Exercise material section start
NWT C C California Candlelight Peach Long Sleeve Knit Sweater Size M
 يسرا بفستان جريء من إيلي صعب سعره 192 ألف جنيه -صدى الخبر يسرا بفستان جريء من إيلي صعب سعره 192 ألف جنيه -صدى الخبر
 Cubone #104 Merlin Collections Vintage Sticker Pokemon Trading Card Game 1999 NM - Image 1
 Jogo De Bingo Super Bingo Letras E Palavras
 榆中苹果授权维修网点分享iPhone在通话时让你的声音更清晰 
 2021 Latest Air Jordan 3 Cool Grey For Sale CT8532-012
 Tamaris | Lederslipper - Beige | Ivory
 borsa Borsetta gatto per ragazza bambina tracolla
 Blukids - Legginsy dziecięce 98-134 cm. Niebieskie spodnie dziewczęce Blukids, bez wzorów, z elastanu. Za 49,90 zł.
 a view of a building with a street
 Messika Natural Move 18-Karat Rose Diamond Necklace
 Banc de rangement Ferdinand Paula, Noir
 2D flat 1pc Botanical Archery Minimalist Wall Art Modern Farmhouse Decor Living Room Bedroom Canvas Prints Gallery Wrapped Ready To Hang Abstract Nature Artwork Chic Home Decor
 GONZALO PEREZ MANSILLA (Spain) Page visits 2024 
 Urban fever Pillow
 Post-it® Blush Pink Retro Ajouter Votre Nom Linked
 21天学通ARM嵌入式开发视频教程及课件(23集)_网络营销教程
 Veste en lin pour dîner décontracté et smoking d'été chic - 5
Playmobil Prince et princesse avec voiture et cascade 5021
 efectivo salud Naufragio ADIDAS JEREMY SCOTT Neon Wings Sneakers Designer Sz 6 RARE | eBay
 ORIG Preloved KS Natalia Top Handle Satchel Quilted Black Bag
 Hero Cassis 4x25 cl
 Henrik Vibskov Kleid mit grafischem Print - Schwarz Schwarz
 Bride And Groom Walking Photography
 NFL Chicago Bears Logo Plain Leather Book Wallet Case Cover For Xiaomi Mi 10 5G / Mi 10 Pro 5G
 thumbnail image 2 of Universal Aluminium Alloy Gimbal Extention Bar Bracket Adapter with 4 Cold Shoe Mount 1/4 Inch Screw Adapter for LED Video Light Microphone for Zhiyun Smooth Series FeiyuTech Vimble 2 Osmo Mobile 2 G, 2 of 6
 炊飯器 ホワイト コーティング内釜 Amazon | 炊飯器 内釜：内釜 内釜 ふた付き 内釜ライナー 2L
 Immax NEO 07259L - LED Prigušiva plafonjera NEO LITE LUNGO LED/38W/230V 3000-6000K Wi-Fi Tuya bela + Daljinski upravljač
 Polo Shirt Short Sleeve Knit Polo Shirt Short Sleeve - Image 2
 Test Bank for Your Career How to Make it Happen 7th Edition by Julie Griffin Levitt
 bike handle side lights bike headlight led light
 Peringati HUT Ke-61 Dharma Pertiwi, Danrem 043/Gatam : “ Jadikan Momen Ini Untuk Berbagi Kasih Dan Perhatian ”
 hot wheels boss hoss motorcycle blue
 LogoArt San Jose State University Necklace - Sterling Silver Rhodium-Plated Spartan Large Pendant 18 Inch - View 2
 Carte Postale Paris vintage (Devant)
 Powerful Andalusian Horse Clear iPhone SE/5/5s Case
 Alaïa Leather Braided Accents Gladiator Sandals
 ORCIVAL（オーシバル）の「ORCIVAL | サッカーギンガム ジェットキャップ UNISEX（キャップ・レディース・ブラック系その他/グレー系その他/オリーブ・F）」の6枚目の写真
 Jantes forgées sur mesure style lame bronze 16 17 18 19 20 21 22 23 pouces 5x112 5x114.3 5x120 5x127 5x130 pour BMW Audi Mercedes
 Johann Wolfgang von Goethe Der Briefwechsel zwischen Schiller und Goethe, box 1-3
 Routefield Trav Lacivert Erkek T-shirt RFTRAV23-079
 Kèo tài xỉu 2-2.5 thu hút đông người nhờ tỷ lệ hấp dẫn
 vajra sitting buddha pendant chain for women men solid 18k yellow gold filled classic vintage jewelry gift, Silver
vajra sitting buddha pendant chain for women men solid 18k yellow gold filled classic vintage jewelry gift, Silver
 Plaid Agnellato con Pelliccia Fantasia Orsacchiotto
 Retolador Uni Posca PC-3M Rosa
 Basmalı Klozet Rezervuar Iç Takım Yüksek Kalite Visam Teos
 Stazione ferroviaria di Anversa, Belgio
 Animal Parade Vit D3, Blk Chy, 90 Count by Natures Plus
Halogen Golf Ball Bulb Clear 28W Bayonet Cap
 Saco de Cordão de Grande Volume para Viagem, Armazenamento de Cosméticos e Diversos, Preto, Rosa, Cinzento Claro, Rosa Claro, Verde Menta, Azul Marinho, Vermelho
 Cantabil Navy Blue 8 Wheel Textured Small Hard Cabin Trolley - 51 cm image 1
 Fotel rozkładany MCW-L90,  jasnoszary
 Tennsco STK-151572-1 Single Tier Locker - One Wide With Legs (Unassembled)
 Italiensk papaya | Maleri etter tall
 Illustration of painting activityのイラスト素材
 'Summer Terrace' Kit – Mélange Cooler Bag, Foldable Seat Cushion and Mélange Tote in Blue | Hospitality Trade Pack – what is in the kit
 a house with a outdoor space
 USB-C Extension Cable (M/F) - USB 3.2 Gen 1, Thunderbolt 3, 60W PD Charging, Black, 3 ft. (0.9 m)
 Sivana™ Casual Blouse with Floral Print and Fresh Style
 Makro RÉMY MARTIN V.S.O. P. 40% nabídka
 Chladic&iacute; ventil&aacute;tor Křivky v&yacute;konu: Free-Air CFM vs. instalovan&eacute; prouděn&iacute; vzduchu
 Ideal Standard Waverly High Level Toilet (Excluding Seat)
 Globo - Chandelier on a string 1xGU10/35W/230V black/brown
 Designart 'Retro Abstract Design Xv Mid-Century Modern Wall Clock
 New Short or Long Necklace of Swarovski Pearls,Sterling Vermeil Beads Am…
Exercise material section end
## Your objective
In the entries above, find the line holding "Illustration of painting activityのイラスト素材" and the line holding "Ideal Standard Waverly"; print both of them and every line between, exactly, and nothing else.

## Response to this exercise
 Illustration of painting activityのイラスト素材
 'Summer Terrace' Kit – Mélange Cooler Bag, Foldable Seat Cushion and Mélange Tote in Blue | Hospitality Trade Pack – what is in the kit
 a house with a outdoor space
 USB-C Extension Cable (M/F) - USB 3.2 Gen 1, Thunderbolt 3, 60W PD Charging, Black, 3 ft. (0.9 m)
 Sivana™ Casual Blouse with Floral Print and Fresh Style
 Makro RÉMY MARTIN V.S.O. P. 40% nabídka
 Chladic&iacute; ventil&aacute;tor Křivky v&yacute;konu: Free-Air CFM vs. instalovan&eacute; prouděn&iacute; vzduchu
 Ideal Standard Waverly High Level Toilet (Excluding Seat)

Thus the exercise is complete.